We had 6 sessions. Somewhere around session 2 or 3 I had a very disrespectful text exchange with one of my daughter’s friends. I had just gotten the iphone and wasn’t used to the touch screen keyboard. I was texting while driving on top of that (I know, that’s bad). When I got home, I went straight to my husband telling him about the nerve this teenage brat (daughter’s friend) had and showed him the text conversation. He read it and then asked me who is Terry was. I looked at the texts and had spelled out teri09! And sent it.
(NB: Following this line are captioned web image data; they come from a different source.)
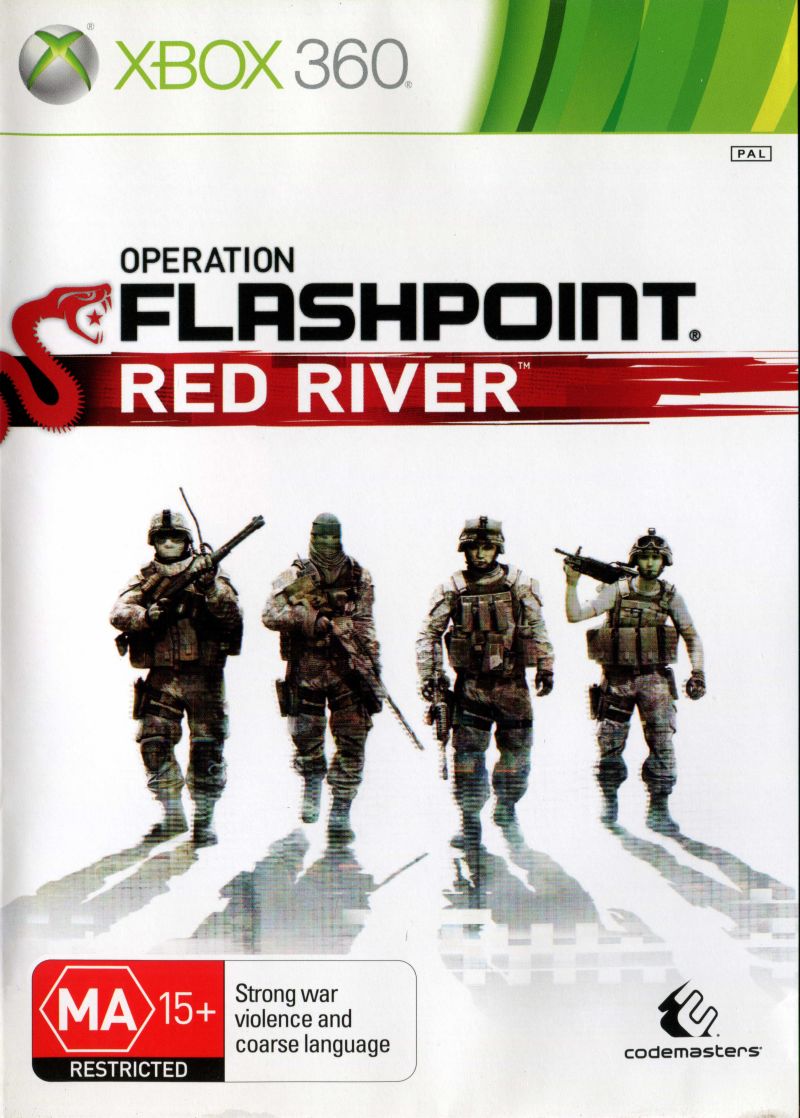 Game | Microsoft Xbox 360 | Operation Flashpoint: Red River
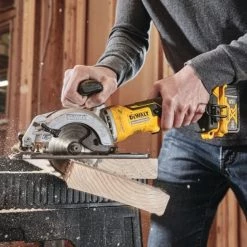DeWalt Atomic 20V MAX* Brushless 4-1/2 In. Cordless Circular Saw (Tool Only) 11 DeWalt Atomic 20V MAX* Brushless 4-1/2 In. Cordless Circular Saw (Tool Only) -Home Improvement Sales Shop dcs571b 4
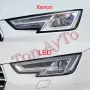 Капаци Стъкла за Фарове А4 Б9 Ауди Audi A4 B9 2015-2019 Капаци Фарове Стъкла Комплект, снимка 5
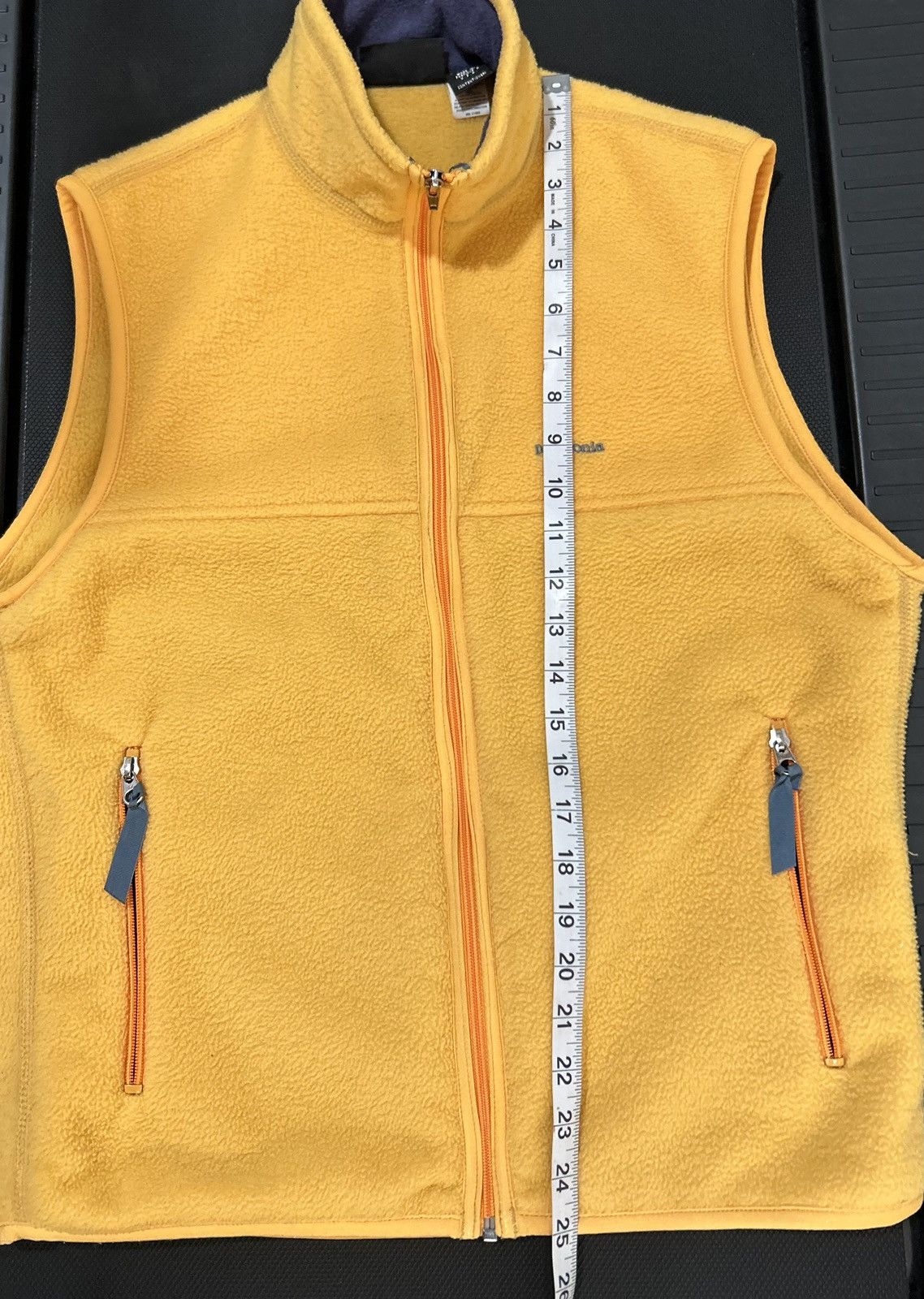Patagonia 90s patagonia synchilla vest USA gorpcore TNF hiking rare Size US M / EU 48-50 / 2 - 8 Thumbnail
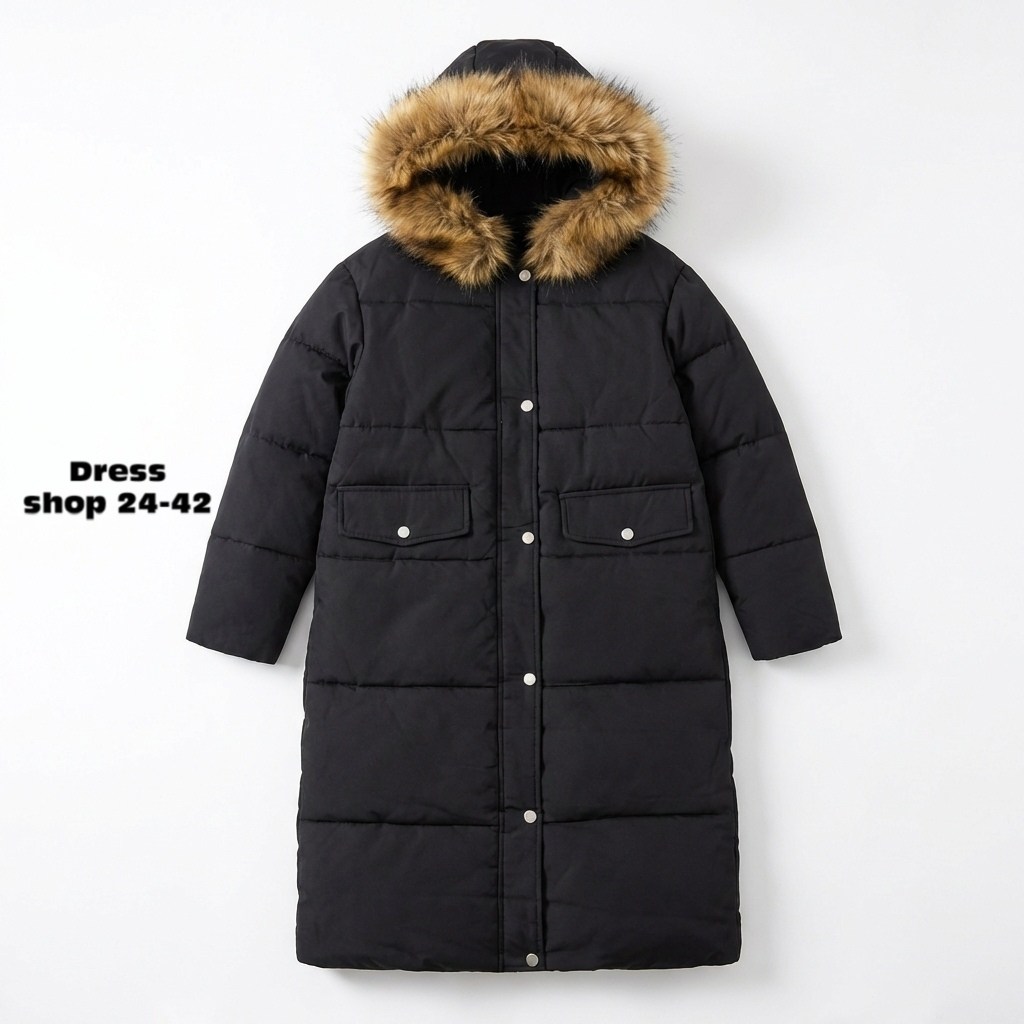 женская зимняя куртка,женский пуховик,женская зимняя куртка длинная,зимний женский пуховик,пуховик средней длины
Underneath it shows the other person (brat) asking “What’s that?”. Because I was fuming at the time, I didn’t feel the need to explain to some teenager that I had just gotten this phone and was too stupid to use the touch screen keyboard.

During a MC session my husband said that he believes I had an affair with someone named Terri and I was lying about it. He said that he had seen the name Terri in a forum conversation I had with someone. 
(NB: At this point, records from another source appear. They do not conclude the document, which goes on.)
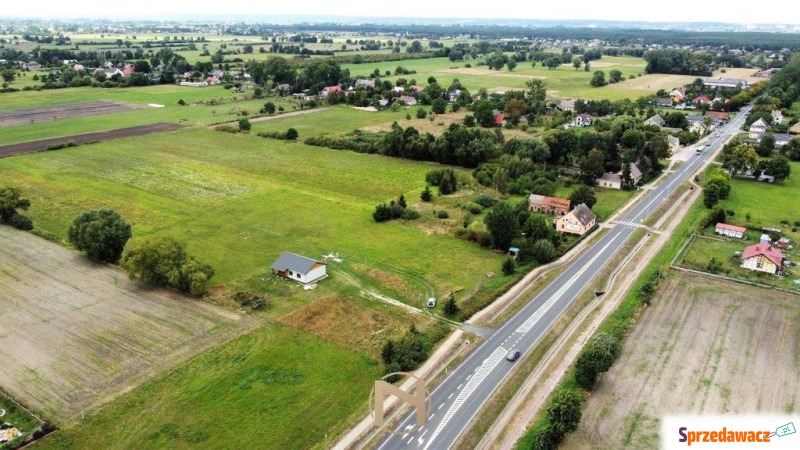 Działka budowlana Krasowiec sprzedam, pow. 1018 m2  (10.2a)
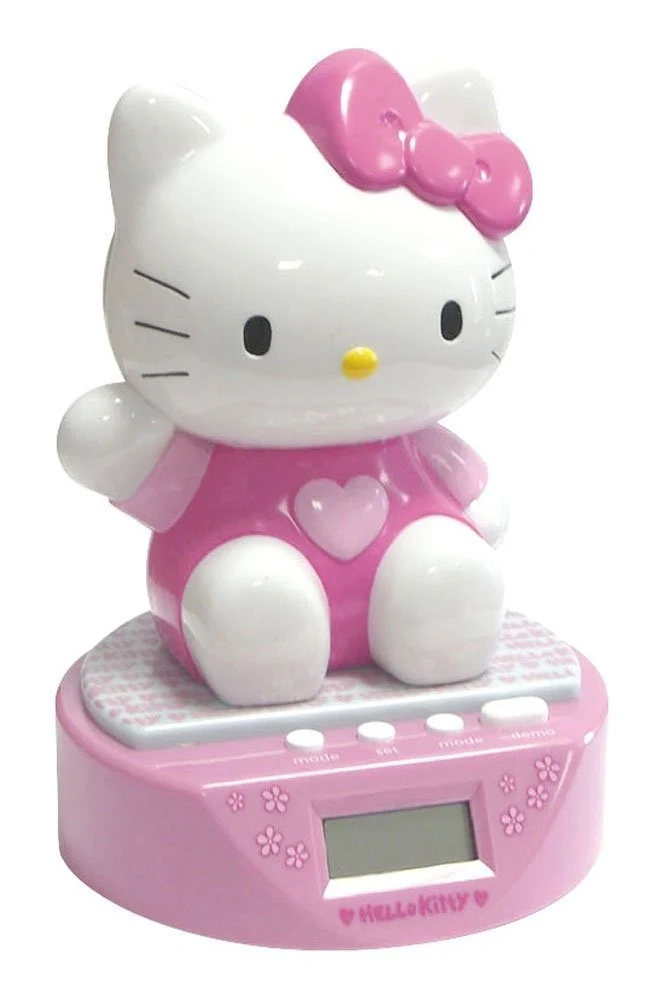 Hello Kitty - Sveglia Musicale 3d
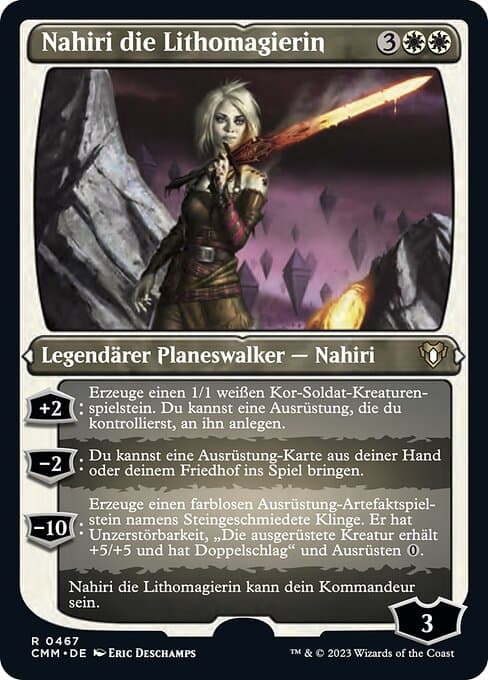 Nahiri, the Lithomancer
I didn’t know anyone by the name Terri and I had no proof. We went over this person again and again and it basically boiled down to the marriage being over if I couldn’t even be honest about that. MC sessions ended because the MC concluded that we were opening wounds that had partially healed but that were in the process of divorcing each other emotionally. My husband’s main motivation at the time was to stay together because it was best for our child. I strongly disagreed with that and I still do today. I will try harder for our daughter but I will not stay together because of her. Never works out. I also didn’t want to divorce. I wanted to fix this no matter what and I wasn’t done yet, I wasn’t at the end of my rope, I wasn’t to the point where I felt I can’t fix it. My husband and I agreed to give each other 5 years. 5 years to see if I could tell the truth about Terri, 5 years to see if I could be a better wife, 5 years to see if we are able to work things out, 5 years to see if my husband was able to stay in the marriage without having an answer for Terri. He said he couldn’t do that to which the MC asked me if I was willing to be in a loveless marriage. I was not, absolutely not! At that time I discovered TAM.
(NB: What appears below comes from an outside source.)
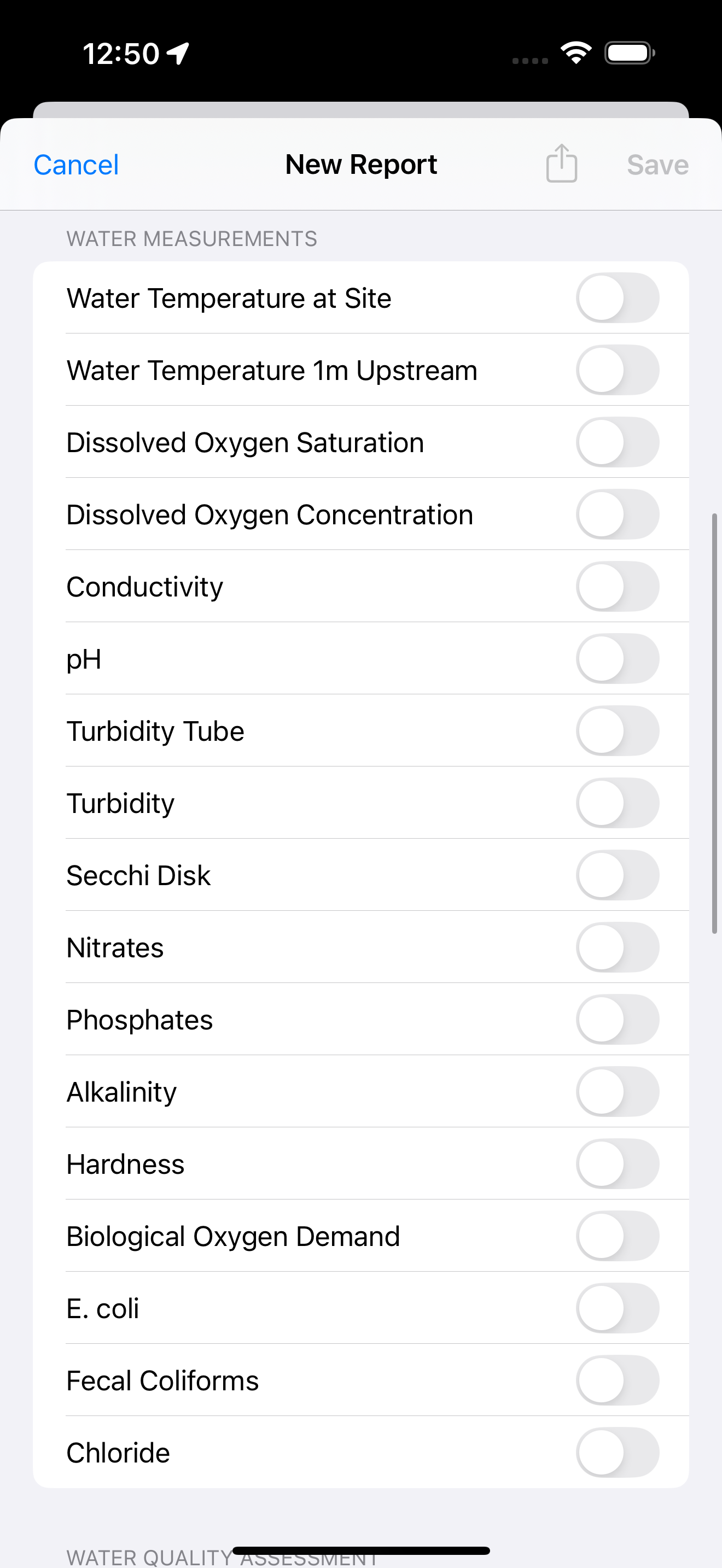 Water Quality+ Screenshot 5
A few weeks after the last session I went and logged into my old account at the chat forum where my husband said I talked about Terri. I hadn’t been there since D-day. I read through a bunch of messages and in a PM I found Terri. Terri is an elderly lady from Tennessee that goes by the handle of Tenny. I had a recipe for a Triple Chocolate Kalua cake stuck to our fridge for years. I went and got my husband and had him read the message. He read it 20 times, got up and left. When I told him that this was the only person he could have meant, he kicked me out of the bedroom, yelled he didn’t want to even look at me and told me to get the hell out. We didn’t talk for a few days. Eventually I asked him again if that was the message he was referring to and if he did mix up Tenny and Terri. He said he might have and whatever, so what. I have left it at that since then.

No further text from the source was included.